Skip pictures in the listing below; copy exactly the lines from the one with "BMW 730d xDrive-image-27" through the one with "sur fond blanc", inclusive.

RECORDS TO USE —
# # #

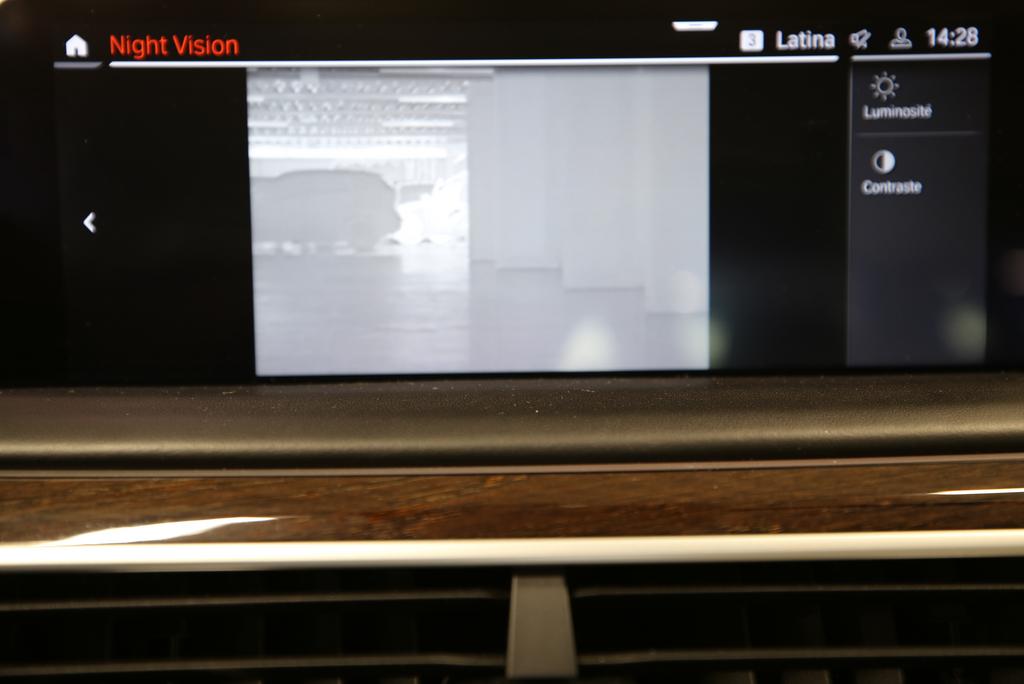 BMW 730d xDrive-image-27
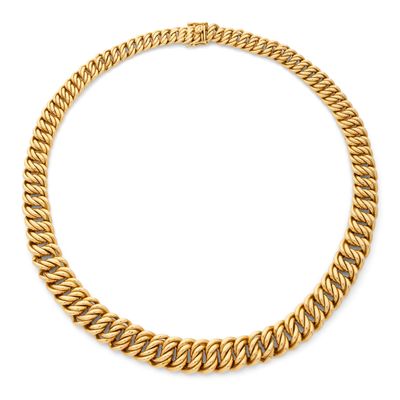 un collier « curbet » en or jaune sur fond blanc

# # #

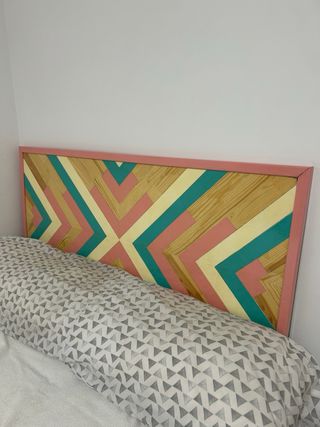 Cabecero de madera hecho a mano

# # #

TASK RESPONSE —
 BMW 730d xDrive-image-27
 un collier « curbet » en or jaune sur fond blanc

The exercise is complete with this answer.